Data reduction and clean up - Githubissues

ponyriders / django-amazon-price-monitor

Monitors prices of Amazon products via Product Advertising API

Other

156 stars 36 forks source link

Data reduction and clean up #27

Closed dArignac closed 9 years ago

dArignac commented 10 years ago

The release cycle of python-amazon-simple-product-api is unclear, within the github repo you cannot find out what is contained in which release - also there is no release log. We used python-amazon-simple-product-api at the beginning because it was easy to use and provided a lot of values we needed (and a lot we do not need). The python-amazon-simple-product-api would not cover the requirements for ticket #19 but bottlenose provides the relevant information. I'd like to strip down our models to only the fields we need and query the Amazon API with only these values. Therefore using bottlenose is the tool of choice as it is a dumb and simple wrapper around the Amazon Product Advertising API and nothing more.

dArignac commented 10 years ago

https://github.com/lionheart/bottlenose http://docs.aws.amazon.com/AWSECommerceService/latest/DG/CHAP_ApiReference.html

dArignac commented 10 years ago

We should use the bottlenose caching feature to avoid plenty of similar calls: https://github.com/lionheart/bottlenose#caching

dArignac commented 10 years ago

Check the appropriate wiki page for progress: https://github.com/ponyriders/django-amazon-price-monitor/wiki/Branch-data-reduction

dArignac commented 9 years ago

With some products we have an exception directly after creation (e.g. ASIN B000053ZRV).
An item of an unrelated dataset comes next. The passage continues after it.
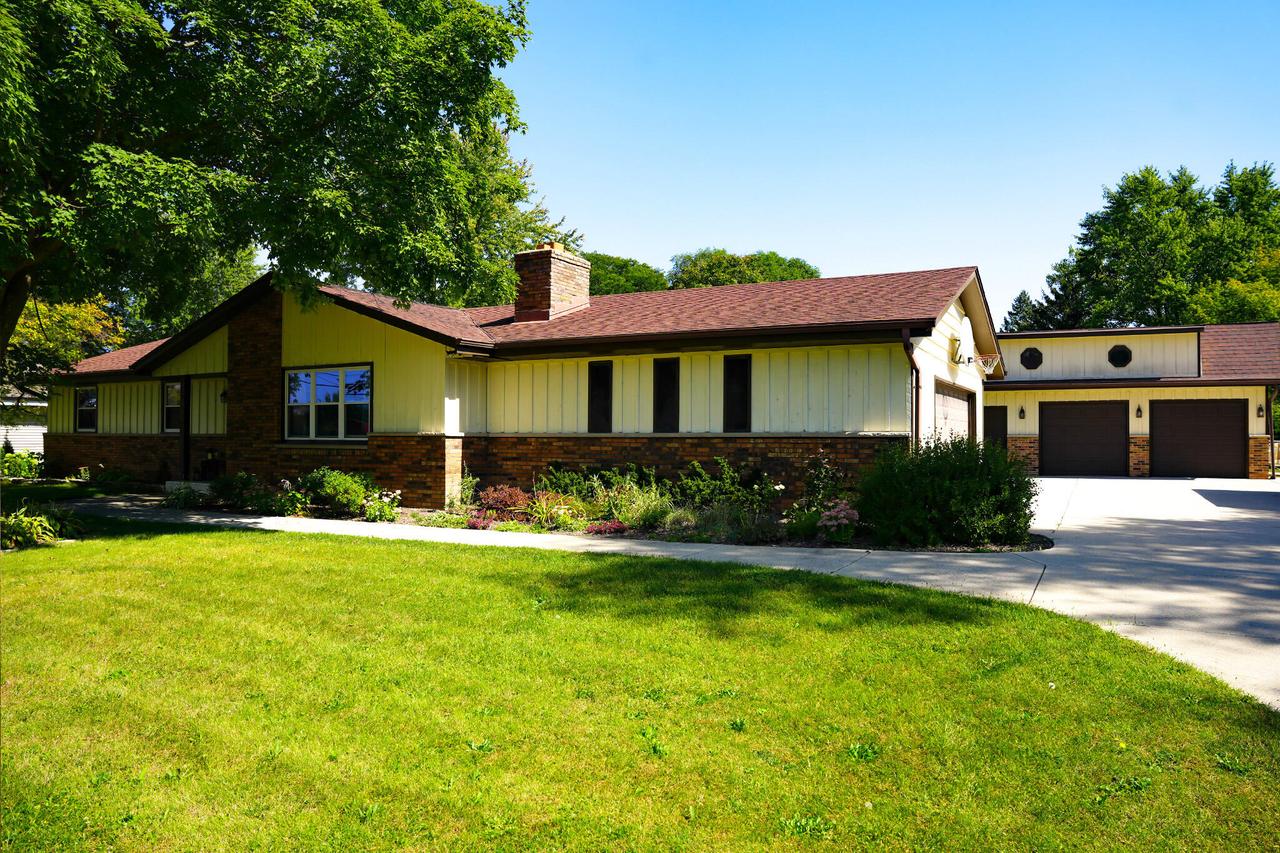 7140 S 51st St, Franklin, WI 53132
Update: happens only after starting celery and adding a product

[2015-04-02 15:16:25,096: CRITICAL/MainProcess] Internal error: RuntimeError('maximum recursion depth exceeded in comparison',)
Traceback (most recent call last):
  File "/home/alex/projects/pm/.env/lib/python3.4/site-packages/celery/worker/__init__.py", line 227, in _process_task
    req.execute_using_pool(self.pool)
  File "/home/alex/projects/pm/.env/lib/python3.4/site-packages/celery/worker/job.py", line 263, in execute_using_pool
    correlation_id=uuid,
  File "/home/alex/projects/pm/.env/lib/python3.4/site-packages/celery/concurrency/base.py", line 156, in apply_async
    **options)
  File "/home/alex/projects/pm/.env/lib/python3.4/site-packages/billiard/pool.py", line 1434, in apply_async
    self._quick_put((TASK, (result._job, None, func, args, kwds)))
  File "/home/alex/projects/pm/.env/lib/python3.4/site-packages/celery/concurrency/asynpool.py", line 770, in send_job
    body = dumps(tup, protocol=protocol)
  File "/home/alex/projects/pm/.env/lib/python3.4/site-packages/bs4/element.py", line 939, in __getattr__
    if len(tag) > 3 and tag.endswith('Tag'):
RuntimeError: maximum recursion depth exceeded in comparison
Traceback (most recent call last):
  File "/home/alex/projects/pm/.env/lib/python3.4/site-packages/celery/worker/__init__.py", line 227, in _process_task
    req.execute_using_pool(self.pool)
  File "/home/alex/projects/pm/.env/lib/python3.4/site-packages/celery/worker/job.py", line 263, in execute_using_pool
    correlation_id=uuid,
  File "/home/alex/projects/pm/.env/lib/python3.4/site-packages/celery/concurrency/base.py", line 156, in apply_async
    **options)
  File "/home/alex/projects/pm/.env/lib/python3.4/site-packages/billiard/pool.py", line 1434, in apply_async
    self._quick_put((TASK, (result._job, None, func, args, kwds)))
  File "/home/alex/projects/pm/.env/lib/python3.4/site-packages/celery/concurrency/asynpool.py", line 770, in send_job
    body = dumps(tup, protocol=protocol)
  File "/home/alex/projects/pm/.env/lib/python3.4/site-packages/bs4/element.py", line 939, in __getattr__
    if len(tag) > 3 and tag.endswith('Tag'):
RuntimeError: maximum recursion depth exceeded in comparison

dArignac commented 9 years ago

Hm, we create a single request for each ASIN and somehow run into the amazon request limit. That is not fully reproducable but it happens. Since I change the behaviour to fork a single task for each asin it got better but the errors still occur. With the ItemLookup it is possible to request more than one ASIN, simply comma separated. We should take a look into this.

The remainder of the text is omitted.